A depender da "boa vontade" dos que fingiam não ver, a mulher teria que se pendurar para não cair bruscamente com a criança, tais eram o solavancos e manobras bruscas do ônibus. Um trabalhador fez sinal para que ela sentasse em sua lugar.
Não demorou muito para que o ônibus ficasse completamente lotado e os passageiros começarem a resmungarem lá atrás para que o motorista não parasse mais para recolher mais gente. Era uma situação crítica. Muitas pessoas apinhadas tendo que se preocupar com o equilíbrio num espaço comprimido em face da velocidade e manobras desenvolvidas pelo motorista.
Observei que o trajeto se torna enfadonho porque aquela ônibus em vez de seguir um itinerário direto ao centro da cidade, ao Terminal de Integração, ele sai fazendo um zigue-zague pelos bairros, entrando numa rua, saindo noutra, disputando espaços com os carros particulares, e assim seguia.

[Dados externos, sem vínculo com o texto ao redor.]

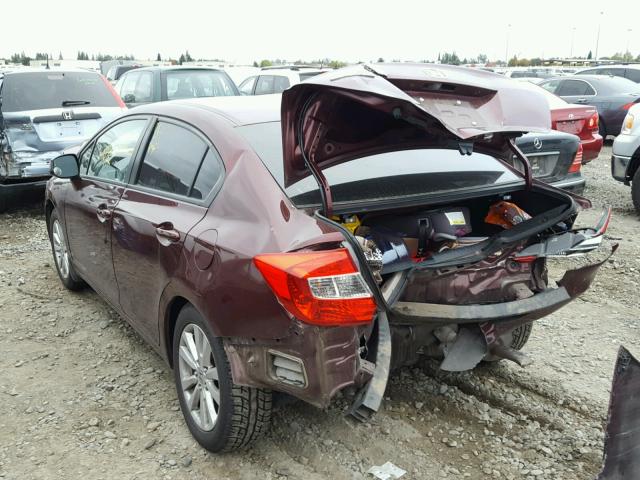 19XFB2F87CE381113 - 2012 HONDA CIVIC EX BURGUNDY photo 3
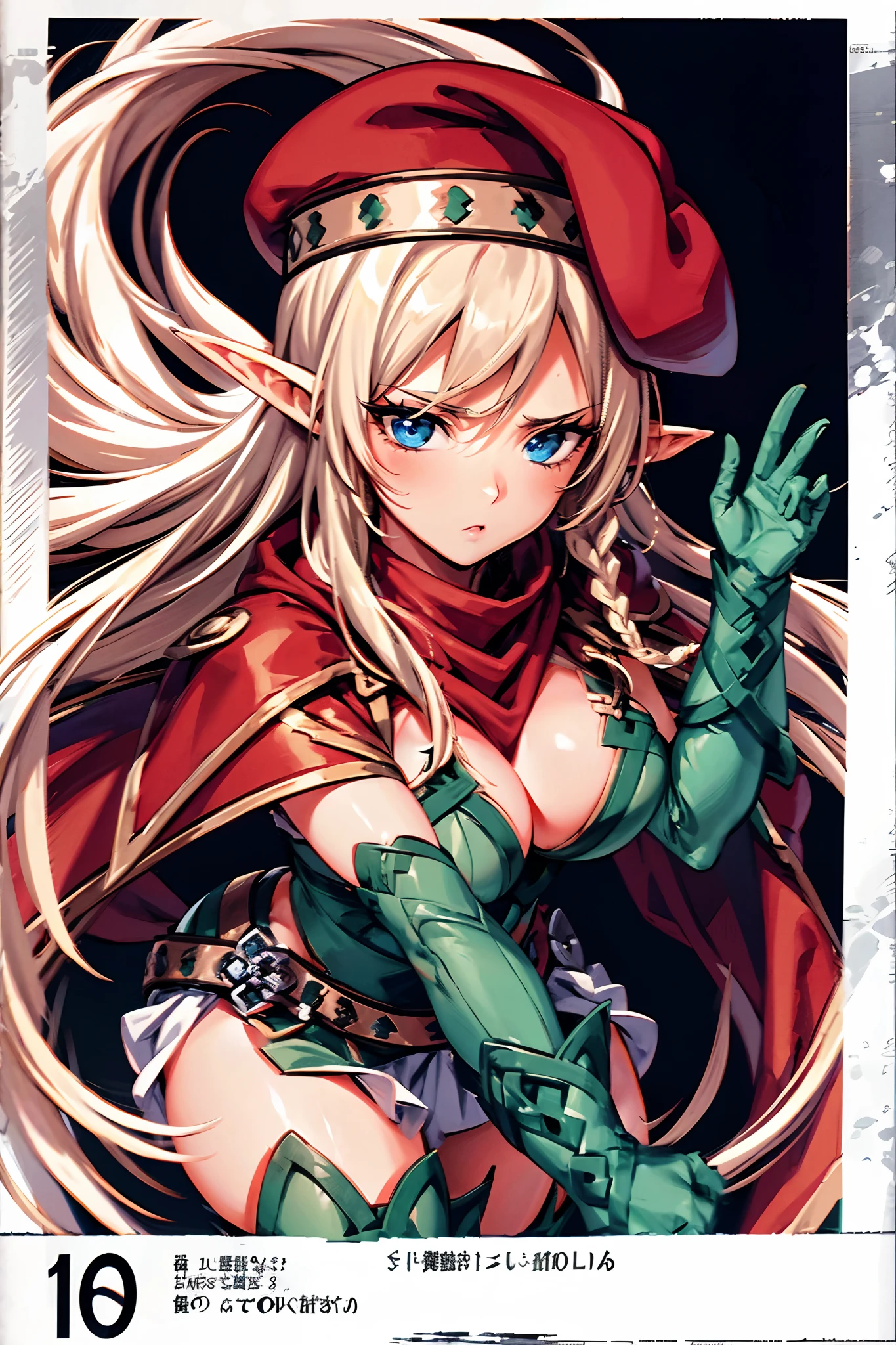 alleyne, elf, one side braid, red beret, red cape, white skirt, thighhighs, green footwear, thigh boots, elbow, green gloves, midriff, cleavage, blonde hair, blue eyes, extremely detailed, beautiful, best quality, ultra high res, masterpiece, 16k portrait, super fine illustration, raw photo, slant eyes, cat eyes, cool face, sharp face,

As intermináveis paradas e o sobe e desce de pessoas, alguns com olhares distantes, absortos em seus pensamentos, outros cochilando e bocejando a cada parada, e eu ali em pé do mesmo jeito que entrei esperando que algum assento desocupasse.
Até que, próximo ao centro o ônibus foi ficando mais vago e eu pude me sentar, percebendo outro detalhe que pelo acumulo de pessoas era camuflado. Um barulho intenso, vindo das engrenagens do ônibus, misturava-se como o roncar do motor e o grunhir da caixa de marcha toda vez em que o motorista aumentava ou reduzia a velocidade. Outra vez tinha ouvido um paraibano que foi passar uma semana no Rio e voltou com o chiado da voz a explicar que lá os ônibus são do tipo monobloco, com os motores todos na parte traseira do veículo para se preservar a saúde do motorista e dos passageiros com excessos de barulhos desses descritos.
Aquela situação de trabalho me remeteu aos tempos da faculdade de psicologia quando aprendia, em psicologia do trabalho, os fatores de riscos à saúde do trabalhador dentre os quais o excesso desse tipo de barulho. O motorista precisaria de no mínimo um protetor auricular para permanecer naquela situação de exposição. É sem dúvida, um fator de estresse que vai se acumulando até mais alguns meses ou anos breves virar um problema maior de saúde.
No Dia Mundial "Sem Carro" percebi uma lógica totalmente diferente. Quem tem um meio de transporte por mais básico que seja, prefere enfrentar os eternos congestionamentos para ir e vir da escola, da igreja, do lazer e do trabalho, porque simplesmente não se sente motivado a utilizar o transporte público. Quando a infraestrutura das vias são melhores um pouco as empresas concessionárias do serviço de transporte público e os órgãos gestores municipais não conseguem desenvolver formas inteligentes de equacionar os fatores da qualidade e satisfação.
O ônibus, quanto mais atende ao público da periferia, dos bairros distantes e de baixo poder aquisitivo, tendem a ser mais precários. Motoristas estresssados discutindo com idosos, desenvolvendo velocidades e violentas arrancadas no embarque e desembarque de passageiros. Rotina de ônibus completamente lotados, falta de manutenção na parte mecânica para reduzir ruídos prejudiciais à saúde humana, riscos de assaltos e outros males, enfim, definitivamente, um Dia 'Sem Carro' não dá pé.